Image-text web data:
------
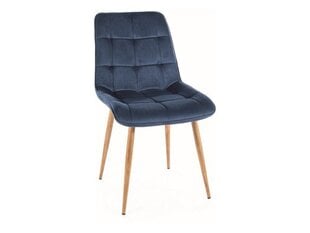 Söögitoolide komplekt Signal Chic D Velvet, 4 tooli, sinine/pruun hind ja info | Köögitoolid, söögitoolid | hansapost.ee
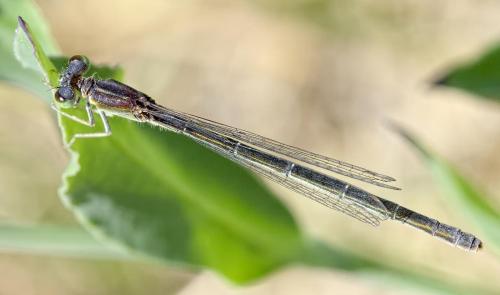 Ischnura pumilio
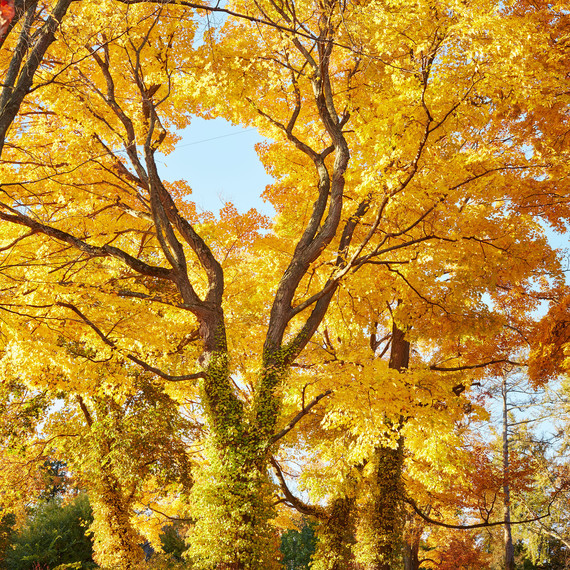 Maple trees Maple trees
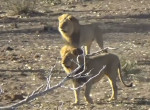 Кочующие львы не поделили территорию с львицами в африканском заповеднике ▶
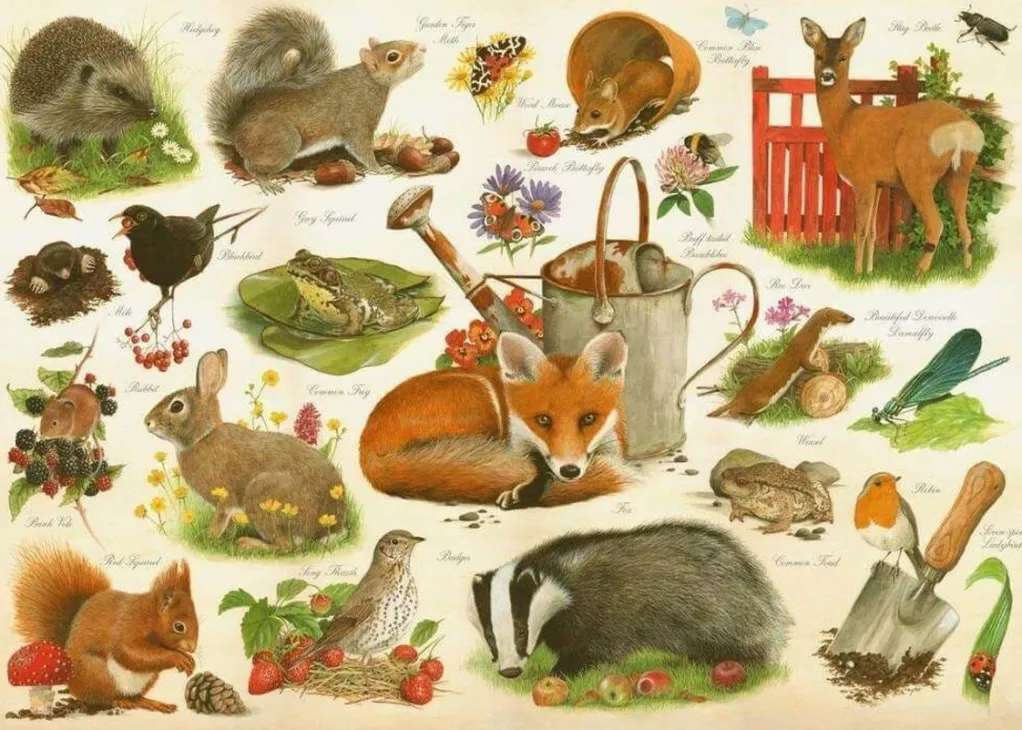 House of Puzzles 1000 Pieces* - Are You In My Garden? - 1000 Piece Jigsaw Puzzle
------
TASK INSTRUCTIONS
Apart from the pictures, every line above must be printed exactly.

REPLY TO THE TASK
 Söögitoolide komplekt Signal Chic D Velvet, 4 tooli, sinine/pruun hind ja info | Köögitoolid, söögitoolid | hansapost.ee
 Ischnura pumilio
 Maple trees Maple trees
 Кочующие львы не поделили территорию с львицами в африканском заповеднике ▶
 House of Puzzles 1000 Pieces* - Are You In My Garden? - 1000 Piece Jigsaw Puzzle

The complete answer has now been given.